Assim, depois de ter denunciado as brutalidades das gentes adoidadas em Canudos, afiava a pena para repetir façanha semelhante em relação à Amazônia. Infelizmente uma história triste e banal de adultério levou-o embora deste mundo. Denunciado o Brasil das secas, seria denunciado o Brasil encharcado.
Euclides já tinha um fio condutor: o trabalho do braço nordestino. Chegando ao Acre escreveu: "Os cearenses, os paraibanos, os sertanejos nortistas, em geral, ali estacionam, cumprindo, sem o saberem, uma das maiores empresas destes tempos. Estão amansando o deserto."

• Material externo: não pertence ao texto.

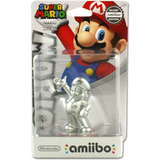 Amiibo Mario Silver Edition Super Smash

Como vemos, a verdadeira viúva do Euclides da Cunha assassinado foi a Amazônia. Que ficou sozinha. Nunca mais ninguém cuidou dela com amor. Há pouco tempo surgiu alguma esperança. Foi quando apareceu, à frente do Ministério para ele criado do Meio Ambiente e da Amazônia Legal, um homem que parecia talhado para fazer cumprir o que Euclides desejava.
Não diríamos que o embaixador Rubens Ricupero tenha exatamente longas barbas emaranhadas e trágicas. Ou tratou de escanhoá-las. O tipo ascético ficou e em janeiro deste ano, quando ministro da Amazônia, deu conta do que fazia pela imprensa, em artigo assinado:
"A vocação da Amazônia não é ser `o primo pobre' do Brasil. O Brasil tem na Amazônia um instrumento, um formidável trunfo para o seu desenvolvimento sustentável integral. Nada seremos se relegarmos a região ao esquecimento ou aos erros do passado. Existe vontade política. Cabe agora, nos próximos meses, convertê-la em impulso para iniciar..."
Não deu para iniciar nada. Neste país, que Osvaldo Aranha dizia que era "um deserto de homens e de idéias", quando aparece um homem, e sobretudo se esse homem tem uma idéia, as forças ocultas de Jânio Quadros tratam logo de emasculá-lo e de lhe tirar a idéia da cabeça.
Antes que Fernando Henrique pudesse concretizar seu Plano Real, puseram-no na estrada e na buchada de bode. Antes que Rubens Ricupero consolidasse seu plano amazônico puseram-no à cabeceira do mofino Real, e, para que não haja nenhuma dúvida quanto à sua disponibilidade amazônica, fica estabelecido que em 1995 ele será o representante do Brasil no Gatt, no exterior, bem longe daqui.
Viúva de Euclides, a Amazônia para sempre viúva será.